Who's picking up the slack? The so-called "lifestyle" buyer.

GMC's Bakowski noted that "maybe a disproportionately high" chunk of the 2.5 million lost pickup sales from the segment's halcyon years came from lifestyle shoppers who left the segment. But they're still around. After all, a quarter of all light-duty pickup owners never tow a thing, he said.

Even if you do, Ford's Merkle added, you may still be a lifestyle buyer.

"A lot of those folks are not necessarily as big a part of this segment as they may have been, say, eight years ago," Merkle said. But "there is still a purpose for the truck nowadays. You might be pulling a powerboat or a trailer, but I would argue that that's a lifestyle. You're not going to pull it with a car. You're going to need a truck."

More Features, Higher Prices

And a nice truck at that. Sixteen percent of Ram 1500s are well-equipped Laramie or Laramie Longhorn editions, and 22 percent of Ram HDs are Longhorns, Chrysler's Hegbloom said. "If you take a 3500 Laramie Longhorn with the diesel and the dual [rear] wheels, that's a $65,000-plus truck, and they're flying off the shelves," he added.
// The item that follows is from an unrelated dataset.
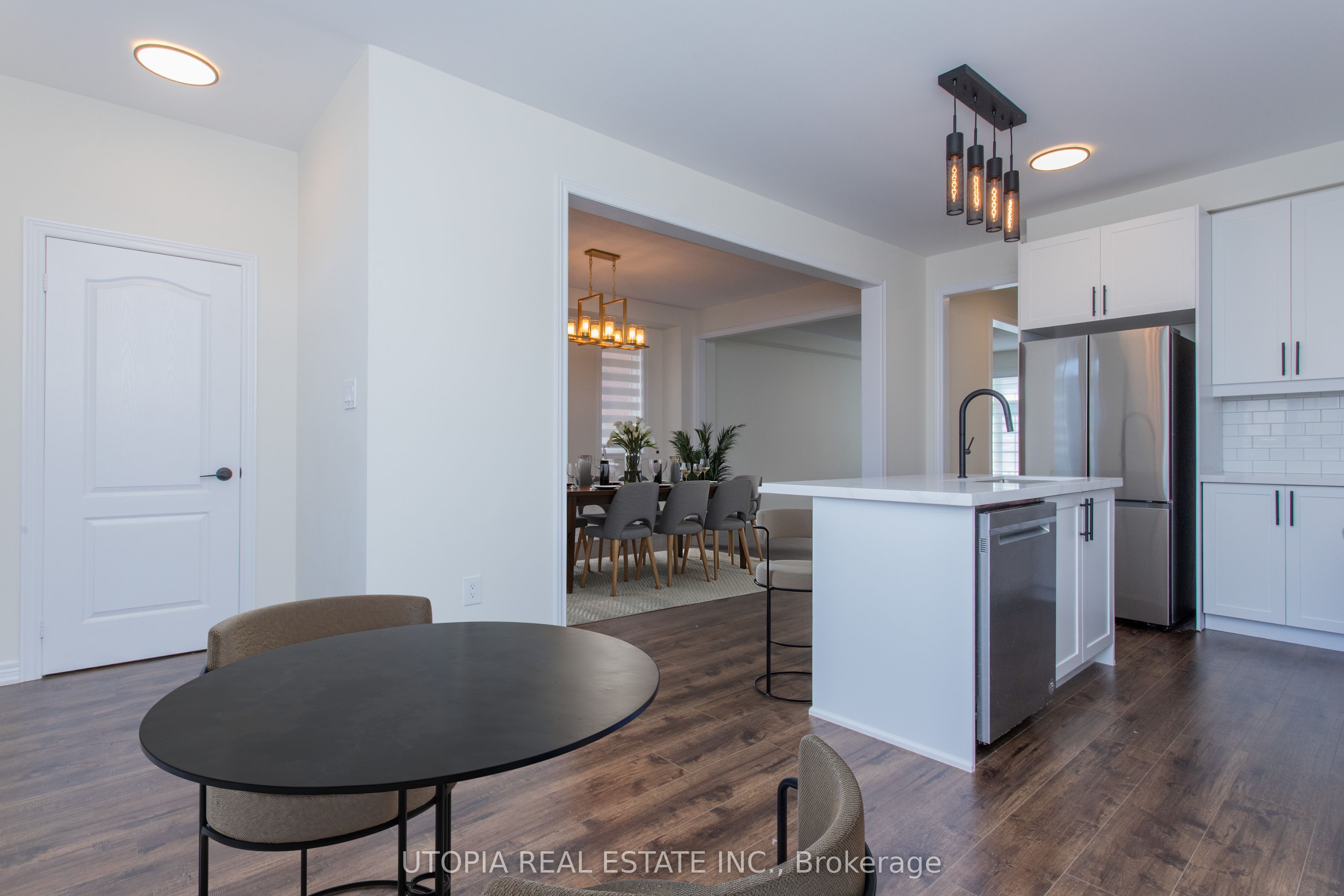 Additional image 6 of 5409 Tenth Line W, Mississauga, ON, L5M 0V7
Well-equipped trims are sprouting like spring poppies, from Ford's King Ranch and Ram's Laramie Longhorn to Toyota's 1794 Edition and Chevrolet's High Country.

Automakers love it. IHS' Langley noted that profit margins on optioned-out pickups are enormous. How big? Try as much as $10,000, which is what The New York Times, citing analysts, said in 2012 that automakers can make off a single pickup sale.

It's no wonder that with improving truck sales come improving profits. Ford and Chrysler turned in higher second-quarter profits this year, and even GM, whose profits fell from the year-ago quarter, posted its 14th straight quarter in the black.

Housing Still Matters

At the heart of the pickup recovery, experts agree that housing will be the lasting driver, and a warming recovery gives reason for optimism.

As "the housing market continues to grow, it will continue to fuel the economy," Ram's Hegbloom said.